All of these "fight the right" moments have had in common a "front" character, in that the politics they project are jumbled and united mainly by what they oppose. The beneficiaries of these fronts tend to be the leaders of the Democratic Party, while the foot-soldiers tend to be Great Society holdouts ("progressives") or radicals.
One can take a poll today and demonstrate that capitalism doesn't look so rosy and socialism doesn't look so bad, for large numbers of people. But no political force with a voice to be heard is promoting socialism or anti-capitalism. On the other hand, the voices saying that Obama is a socialist and his socialism is exactly the problem are loud and vociferous. The percentages of Americans who incorrectly identify Obama as a Muslim have risen by several points over the past year, proving we don't so much live in an era of "speaking truth to power" as one of telling the truth in lies, where enough force gives an idea power.
What is set into motion with this rhetoric?
I suppose it's also important to take note of some of the more obvious elements of this rally. Is this a savvy attempt by the right to wrap itself in the mantle of King, thereby inoculating against claims of racism? One friend remarked, on an earlier version of this article, that essentially the the message was, "of course we're mostly white, but we're not racists;" it raises the prospect of a "racialism cloaked in a post-racial guise" which deserves a separate post. Will anyone actually take Glenn Beck seriously as an inheritor of the legacy of MLK? Or is the point, rather, wrapping conservatism in the mantle of MLK and Lincoln?
The whole theme of "restoring the nation's lost honor" is kind of fascinating to me. Honor? Really? Of course Reagan's big thing was restoring the nation's lost optimism.
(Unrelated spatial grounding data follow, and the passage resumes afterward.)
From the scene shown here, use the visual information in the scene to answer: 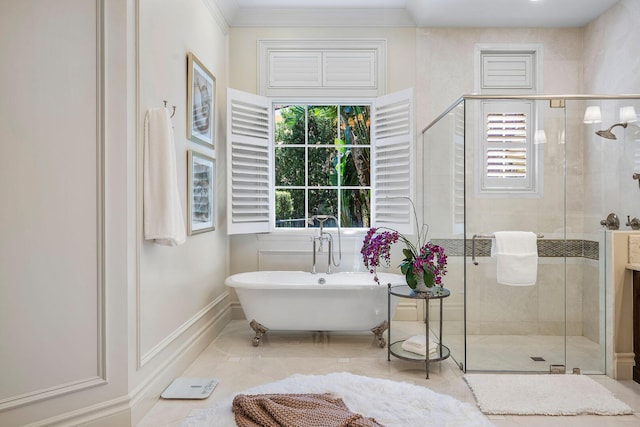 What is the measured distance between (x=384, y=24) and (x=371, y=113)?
2.91 ft

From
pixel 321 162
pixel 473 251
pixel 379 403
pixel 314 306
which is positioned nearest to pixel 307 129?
pixel 321 162

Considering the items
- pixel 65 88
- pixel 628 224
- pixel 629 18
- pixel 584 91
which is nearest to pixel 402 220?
pixel 628 224

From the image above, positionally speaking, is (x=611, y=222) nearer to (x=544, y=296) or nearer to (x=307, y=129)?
(x=544, y=296)

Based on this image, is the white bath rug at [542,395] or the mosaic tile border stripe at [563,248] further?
the mosaic tile border stripe at [563,248]

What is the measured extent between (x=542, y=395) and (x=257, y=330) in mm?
2063

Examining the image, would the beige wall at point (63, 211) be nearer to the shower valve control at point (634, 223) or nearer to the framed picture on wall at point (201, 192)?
the framed picture on wall at point (201, 192)

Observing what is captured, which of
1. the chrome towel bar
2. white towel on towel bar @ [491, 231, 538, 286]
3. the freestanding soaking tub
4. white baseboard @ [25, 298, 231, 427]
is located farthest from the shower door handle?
white baseboard @ [25, 298, 231, 427]

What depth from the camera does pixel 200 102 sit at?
3467 mm

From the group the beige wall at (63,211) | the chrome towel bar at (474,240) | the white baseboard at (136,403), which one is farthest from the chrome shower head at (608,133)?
the white baseboard at (136,403)

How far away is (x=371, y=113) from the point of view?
4445 millimetres

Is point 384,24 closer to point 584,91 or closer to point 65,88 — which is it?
point 584,91

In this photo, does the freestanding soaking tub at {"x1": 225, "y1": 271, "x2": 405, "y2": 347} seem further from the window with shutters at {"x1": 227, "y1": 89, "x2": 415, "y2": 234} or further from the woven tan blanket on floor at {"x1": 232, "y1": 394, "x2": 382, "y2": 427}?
the woven tan blanket on floor at {"x1": 232, "y1": 394, "x2": 382, "y2": 427}

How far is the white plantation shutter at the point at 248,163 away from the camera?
402 centimetres

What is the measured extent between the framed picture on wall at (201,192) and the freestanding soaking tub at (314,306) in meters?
0.55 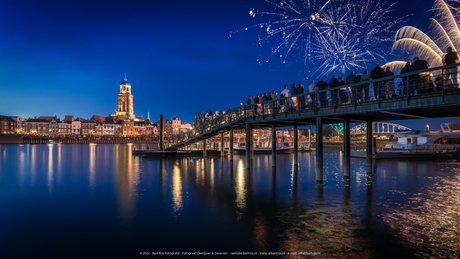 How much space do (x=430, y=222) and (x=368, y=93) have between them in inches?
357

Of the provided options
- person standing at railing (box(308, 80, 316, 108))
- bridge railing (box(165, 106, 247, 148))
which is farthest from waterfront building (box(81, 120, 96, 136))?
person standing at railing (box(308, 80, 316, 108))

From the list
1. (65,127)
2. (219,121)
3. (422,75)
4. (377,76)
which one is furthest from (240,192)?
(65,127)

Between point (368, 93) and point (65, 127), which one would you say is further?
point (65, 127)

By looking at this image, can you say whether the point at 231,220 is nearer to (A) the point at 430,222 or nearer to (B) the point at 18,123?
(A) the point at 430,222

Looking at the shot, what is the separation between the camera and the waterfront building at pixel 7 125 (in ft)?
575

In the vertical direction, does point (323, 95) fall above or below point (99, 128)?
below

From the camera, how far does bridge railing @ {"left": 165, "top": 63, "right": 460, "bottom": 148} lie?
1452 centimetres

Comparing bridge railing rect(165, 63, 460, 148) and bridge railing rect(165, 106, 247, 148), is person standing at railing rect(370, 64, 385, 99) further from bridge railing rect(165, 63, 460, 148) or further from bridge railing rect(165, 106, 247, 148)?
bridge railing rect(165, 106, 247, 148)

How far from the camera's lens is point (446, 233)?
1010 cm

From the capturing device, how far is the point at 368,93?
17812 millimetres

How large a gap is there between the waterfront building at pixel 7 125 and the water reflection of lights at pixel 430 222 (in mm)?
224844

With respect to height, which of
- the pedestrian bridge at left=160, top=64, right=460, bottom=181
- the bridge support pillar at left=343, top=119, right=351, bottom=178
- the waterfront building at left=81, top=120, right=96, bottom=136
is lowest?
the bridge support pillar at left=343, top=119, right=351, bottom=178

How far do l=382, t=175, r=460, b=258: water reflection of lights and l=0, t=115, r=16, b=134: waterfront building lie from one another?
224844mm

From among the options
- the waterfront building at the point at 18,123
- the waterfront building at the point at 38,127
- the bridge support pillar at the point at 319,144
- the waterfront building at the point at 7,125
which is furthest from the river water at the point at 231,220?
the waterfront building at the point at 18,123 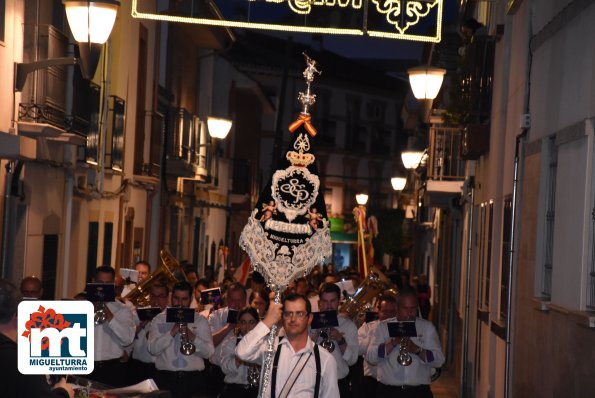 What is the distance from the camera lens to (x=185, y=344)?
14578 millimetres

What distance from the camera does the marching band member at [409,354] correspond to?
551 inches

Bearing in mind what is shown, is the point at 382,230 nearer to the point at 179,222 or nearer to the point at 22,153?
the point at 179,222

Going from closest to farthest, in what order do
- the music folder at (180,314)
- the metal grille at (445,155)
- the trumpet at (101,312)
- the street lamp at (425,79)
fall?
1. the music folder at (180,314)
2. the trumpet at (101,312)
3. the street lamp at (425,79)
4. the metal grille at (445,155)

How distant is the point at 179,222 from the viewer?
35.0m

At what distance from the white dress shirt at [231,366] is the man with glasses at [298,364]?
169 inches

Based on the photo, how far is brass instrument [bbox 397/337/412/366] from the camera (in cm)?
1398

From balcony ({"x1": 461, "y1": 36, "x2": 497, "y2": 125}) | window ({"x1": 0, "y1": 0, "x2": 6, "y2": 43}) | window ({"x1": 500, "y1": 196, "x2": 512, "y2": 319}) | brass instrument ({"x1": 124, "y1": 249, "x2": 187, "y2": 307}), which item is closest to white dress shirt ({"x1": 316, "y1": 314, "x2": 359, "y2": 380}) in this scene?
window ({"x1": 500, "y1": 196, "x2": 512, "y2": 319})

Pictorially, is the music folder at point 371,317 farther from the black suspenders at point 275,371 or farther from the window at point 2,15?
the black suspenders at point 275,371

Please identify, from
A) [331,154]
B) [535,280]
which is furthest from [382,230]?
[535,280]

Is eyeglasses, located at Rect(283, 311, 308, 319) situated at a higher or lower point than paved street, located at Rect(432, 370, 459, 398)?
higher

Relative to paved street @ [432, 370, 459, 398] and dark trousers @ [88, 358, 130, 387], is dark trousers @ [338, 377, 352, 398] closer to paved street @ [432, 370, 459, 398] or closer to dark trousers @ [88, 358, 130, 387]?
dark trousers @ [88, 358, 130, 387]

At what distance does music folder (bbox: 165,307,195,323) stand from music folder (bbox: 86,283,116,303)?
27.8 inches

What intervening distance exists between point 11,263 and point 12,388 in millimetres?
11583

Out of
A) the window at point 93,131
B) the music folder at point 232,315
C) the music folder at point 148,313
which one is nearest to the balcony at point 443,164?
the window at point 93,131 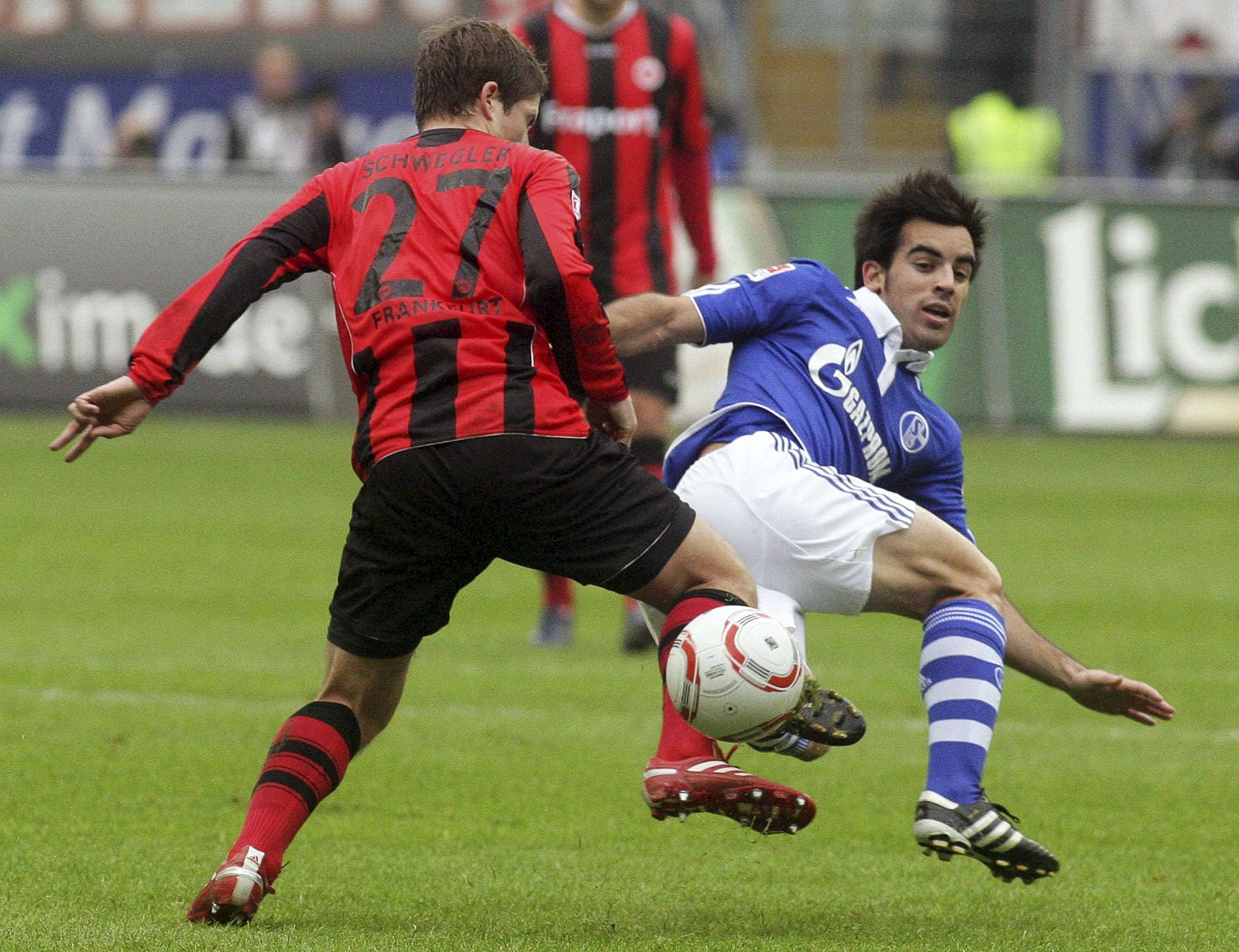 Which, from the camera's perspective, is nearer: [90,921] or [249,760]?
[90,921]

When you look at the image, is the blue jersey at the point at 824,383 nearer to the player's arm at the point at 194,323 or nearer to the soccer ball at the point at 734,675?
the soccer ball at the point at 734,675

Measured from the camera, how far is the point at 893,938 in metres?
4.20

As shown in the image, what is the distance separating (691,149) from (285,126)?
1217 cm

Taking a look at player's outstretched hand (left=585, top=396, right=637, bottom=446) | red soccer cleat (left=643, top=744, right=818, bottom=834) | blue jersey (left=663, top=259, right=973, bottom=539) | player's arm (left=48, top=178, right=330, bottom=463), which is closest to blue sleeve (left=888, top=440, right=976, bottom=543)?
blue jersey (left=663, top=259, right=973, bottom=539)

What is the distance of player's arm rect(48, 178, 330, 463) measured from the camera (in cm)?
413

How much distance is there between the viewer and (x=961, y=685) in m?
4.41

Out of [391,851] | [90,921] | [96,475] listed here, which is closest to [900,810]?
[391,851]

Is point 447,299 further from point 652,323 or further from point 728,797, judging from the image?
point 728,797

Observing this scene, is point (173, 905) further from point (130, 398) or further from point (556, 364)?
point (556, 364)

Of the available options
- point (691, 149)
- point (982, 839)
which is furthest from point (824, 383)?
point (691, 149)

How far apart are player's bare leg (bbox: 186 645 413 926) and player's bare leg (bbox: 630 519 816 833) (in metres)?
0.55

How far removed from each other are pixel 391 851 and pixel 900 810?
1.39 m

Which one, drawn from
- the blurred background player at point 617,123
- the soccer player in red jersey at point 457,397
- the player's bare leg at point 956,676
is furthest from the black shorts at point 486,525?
the blurred background player at point 617,123

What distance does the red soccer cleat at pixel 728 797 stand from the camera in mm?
4109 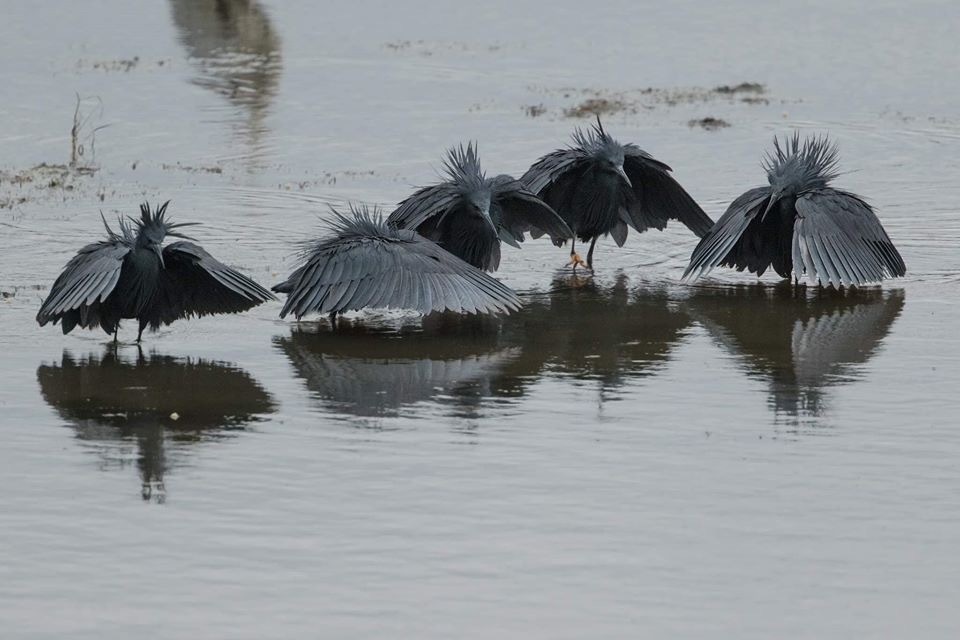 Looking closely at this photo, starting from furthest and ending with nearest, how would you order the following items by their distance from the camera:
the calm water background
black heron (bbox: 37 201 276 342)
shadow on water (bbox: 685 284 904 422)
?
black heron (bbox: 37 201 276 342), shadow on water (bbox: 685 284 904 422), the calm water background

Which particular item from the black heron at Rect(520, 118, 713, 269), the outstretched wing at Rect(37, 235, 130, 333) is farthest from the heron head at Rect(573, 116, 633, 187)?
the outstretched wing at Rect(37, 235, 130, 333)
Since the 80s the right has never managed to replicate the complete ideological dominance it enjoyed during that era, and I'm sure this thrust is partly an attempt to chart a new course towards that, though in a sense it's hard to see Beck and Palin as anything more than energizing antagonists who would make ineffective leaders in power, a la Newt Gingrich in 1994. Of course one probably could have misread Reagan as being exactly that. Palin could probably have his kind of upside, but I'm not sure if it's possible for her to assemble a team of handlers like his which could manage her many downsides.
These personalistic concerns are probably far secondary to larger, conjunctural ones. Is there reason to think, paraphrasing Gramsci very loosely, that the old is dying, that this stalemate between a perpetually juvenile far right and anti-far-right popular fronts will be broken? That there are signs of something new struggling to be born? Or is the post-2008 era still a sordid, late chapter of neoliberalism in which nothing new can be asserted and subordinate social groups and radicals can only put something forth in local, partial, or economic-corporate fashions?
In the shorter term, Glenn Beck has thrown down the gauntlet the One Nation Working Together march October 2. Will we get as many people to DC as they did? And will it be as impactful?